If you build up an extra tension disk, I'll put it on my older Yeti and ride that.

Speaking of "finesse" (or lack there of), on Monday's climb up the Table Mountain single-track I managed to hit evary log and rock with my front wheel. I must have dabbed 15 times during the climb. I need some lesons on riding smooth.


----------



## Rumpfy (Dec 21, 2003)

laffeaux said:


> If you build up an extra tension disk, I'll put it on my older Yeti and ride that.
> 
> Speaking of "finesse" (or lack there of), on Monday's climb up the Table Mountain single-track I managed to hit evary log and rock with my front wheel. I must have dabbed 15 times during the climb.

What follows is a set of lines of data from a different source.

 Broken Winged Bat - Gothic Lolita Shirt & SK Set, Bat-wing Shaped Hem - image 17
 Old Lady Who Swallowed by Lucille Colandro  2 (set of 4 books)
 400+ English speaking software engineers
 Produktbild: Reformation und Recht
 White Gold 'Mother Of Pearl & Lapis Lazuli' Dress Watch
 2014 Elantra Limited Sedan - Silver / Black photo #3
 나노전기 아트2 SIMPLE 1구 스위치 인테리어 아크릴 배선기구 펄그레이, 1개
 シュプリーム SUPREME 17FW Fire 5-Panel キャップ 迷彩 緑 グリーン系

I need some lesons on riding smooth.


  You mean dab like this?:


















We'll have a 'skills' day at Skeggs then.


----------



## laffeaux (Jan 4, 2004)

Rumpfy said:


> You mean dab like this?


I think that falling off the back of your bike is certainly a dab. As long as you only look at the first pic, it looks like I did fine.


----------



## First Flight (Jan 25, 2004)

*Here's a little newer version*

1993 version @ http://www.firstflightbikes.com/Tomac.htm

I don't think the bike was ever ridden and it came with all manuals.


----------



## Rumpfy (Dec 21, 2003)

First Flight said:


> 1993 version @ http://www.firstflightbikes.com/Tomac.htm
> 
> I don't think the bike was ever ridden and it came with all manuals.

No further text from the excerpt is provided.